• **Problem details**: Please write out every line of the material, leaving out any picture.

• **Data section**:

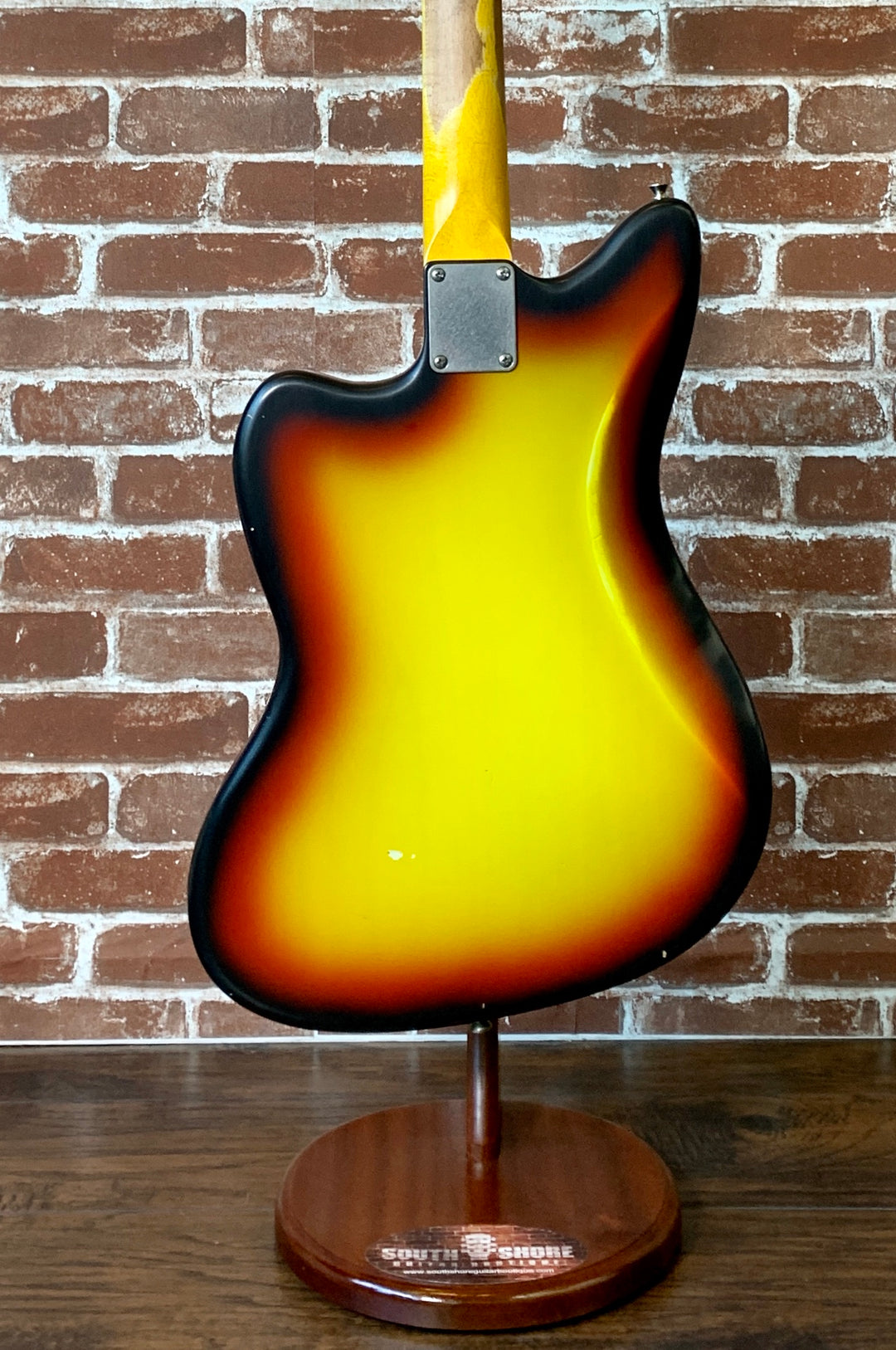 Nash JM63 2020 3 Tone Sunburst Light Relic, NEW (Authorized Dealer)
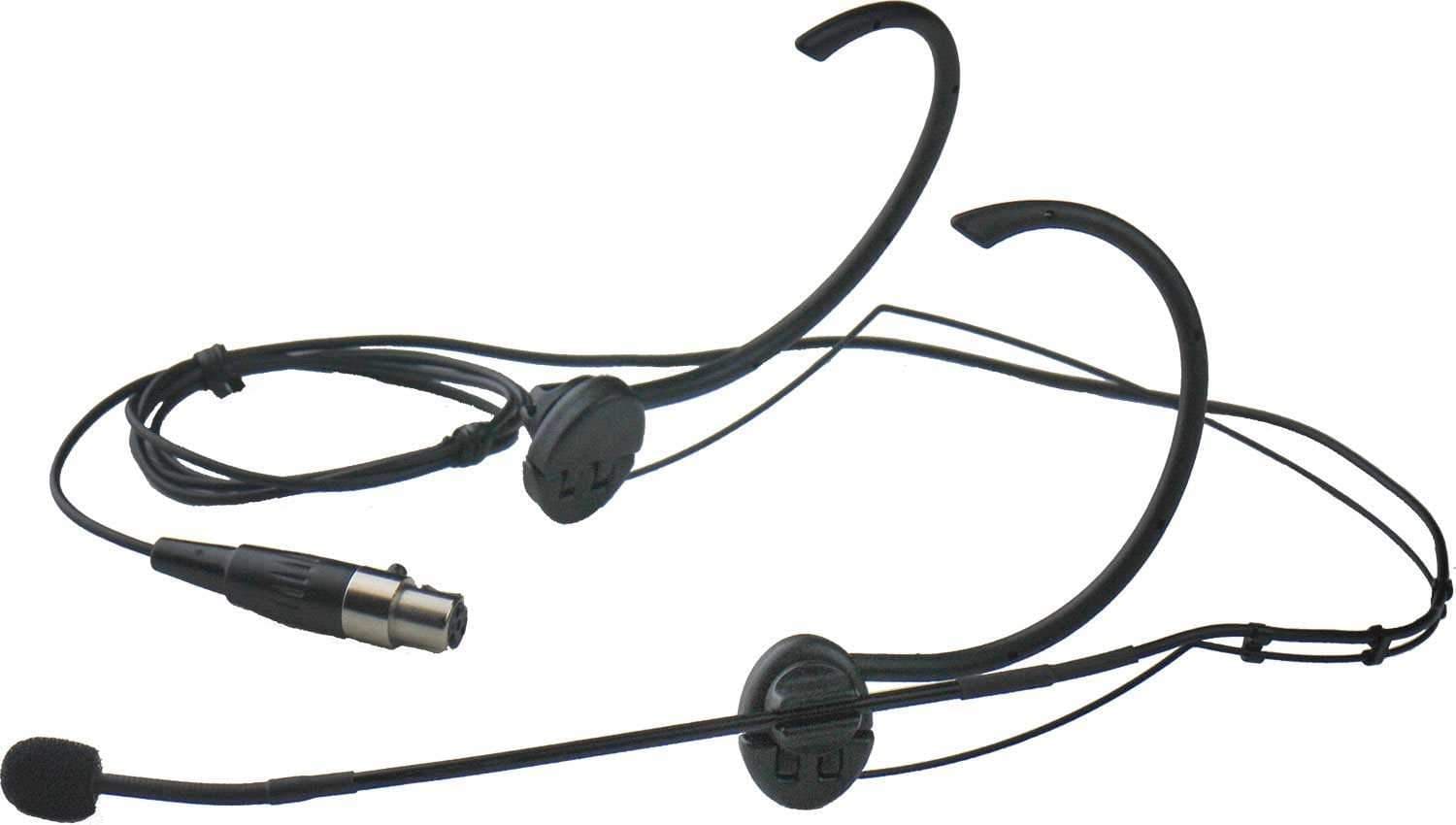 Electro-Voice R300-E-C Headworn Wireless System with Case - Your Ultimate Wireless Solution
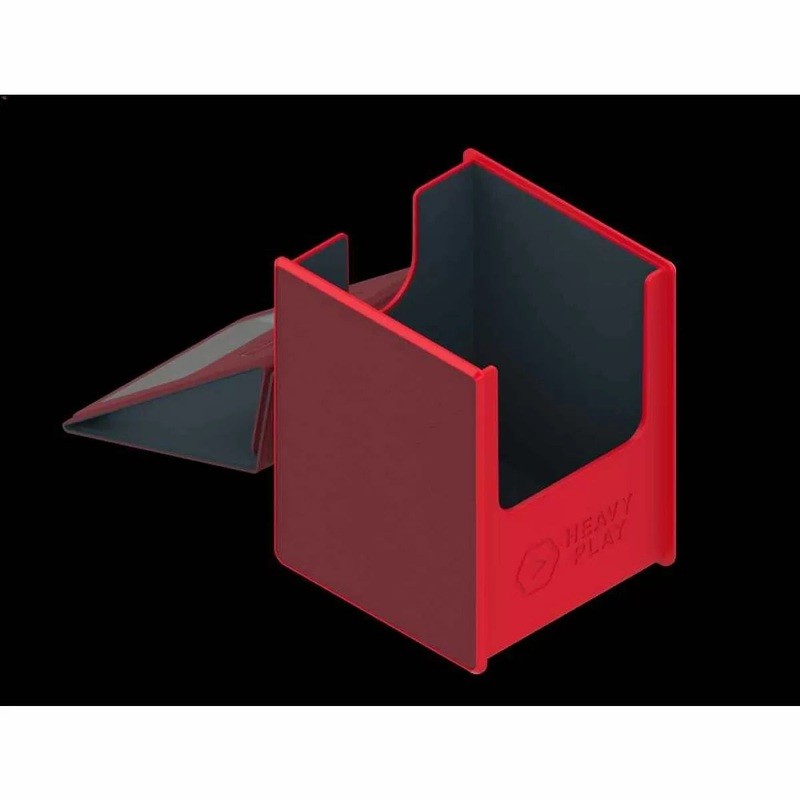 Heavy Play – RFG Deckbox Max 100DS QA249756013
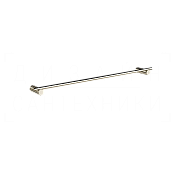 Gessi Incastri Полотенцедержатель 65 см, подвесной, цвет: nickel PVD 75503#720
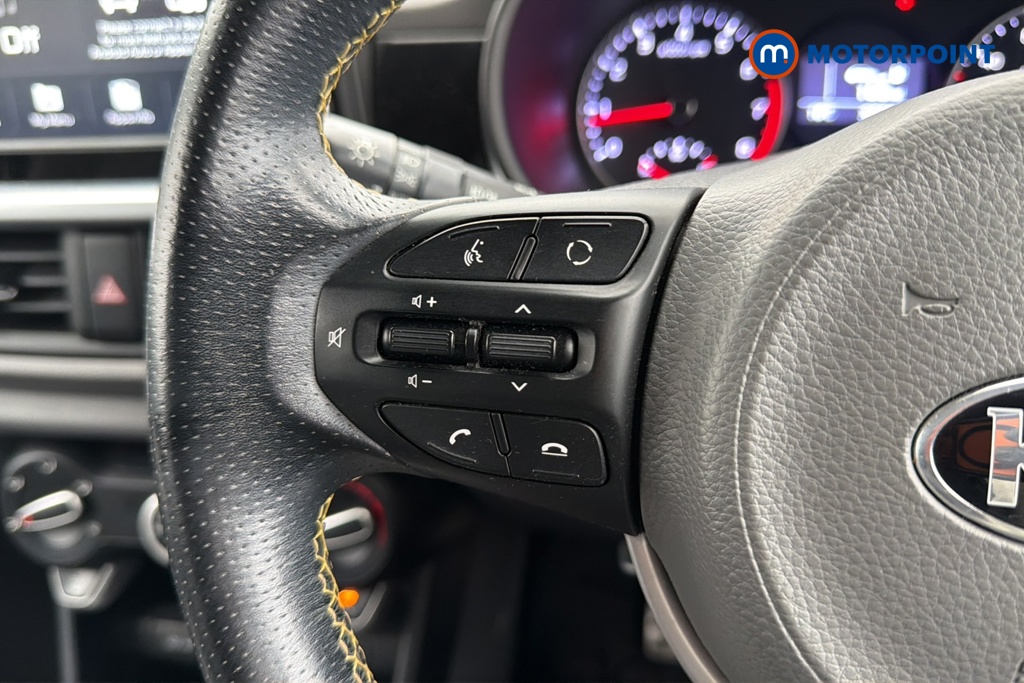 KIA Picanto X-Line Manual Petrol Hatchback - Stock Number (1660291) - 4th supplementary image
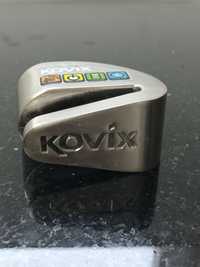 Kovix cadeado disco moto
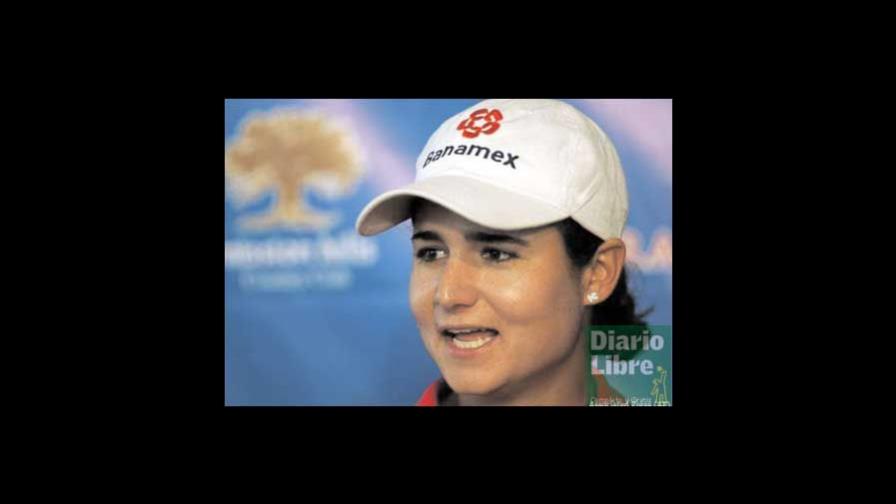 Lorena Ochoa tendrá ganancias por US$2 MM Lorena Ochoa tendrá ganancias por US$2 MM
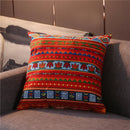 Axyaa Vintage Turkish Bohemia Pillowcase Cover Ethnic Persian Pattern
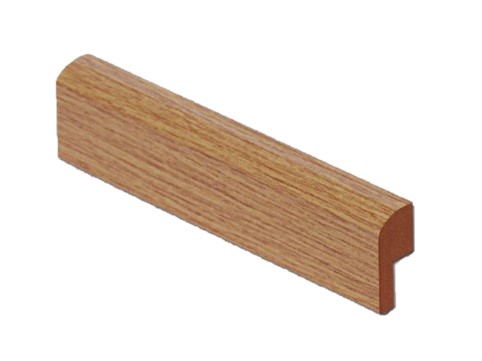 Jalkalista MDF 16x42x2750 mm Tammi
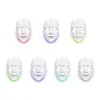 Ventas Directas de Fábrica Oem/Odm Personalizado Máscara de Luz Siete Colores Instrumento de Belleza Instrumento de Máscara de Fotones Instrumento de Rejuvenecimiento de la Piel Espectrómetro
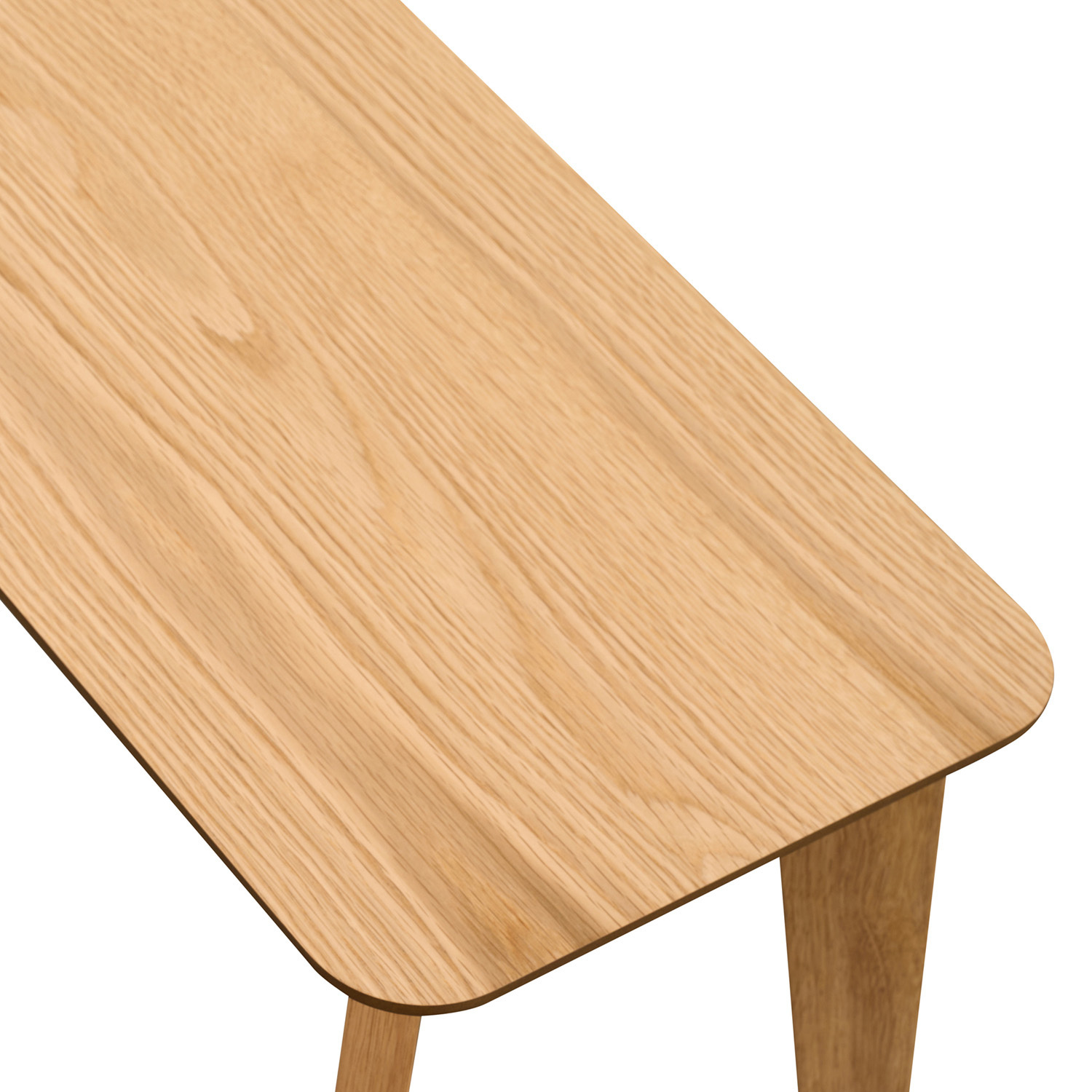 Larsen Dining Table & Bench Set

• **Problem solution**:
 Nash JM63 2020 3 Tone Sunburst Light Relic, NEW (Authorized Dealer)
 Electro-Voice R300-E-C Headworn Wireless System with Case - Your Ultimate Wireless Solution
 Heavy Play – RFG Deckbox Max 100DS QA249756013
 Gessi Incastri Полотенцедержатель 65 см, подвесной, цвет: nickel PVD 75503#720
 KIA Picanto X-Line Manual Petrol Hatchback - Stock Number (1660291) - 4th supplementary image
 Kovix cadeado disco moto
 Lorena Ochoa tendrá ganancias por US$2 MM Lorena Ochoa tendrá ganancias por US$2 MM
 Axyaa Vintage Turkish Bohemia Pillowcase Cover Ethnic Persian Pattern
 Jalkalista MDF 16x42x2750 mm Tammi
 Ventas Directas de Fábrica Oem/Odm Personalizado Máscara de Luz Siete Colores Instrumento de Belleza Instrumento de Máscara de Fotones Instrumento de Rejuvenecimiento de la Piel Espectrómetro
 Larsen Dining Table & Bench Set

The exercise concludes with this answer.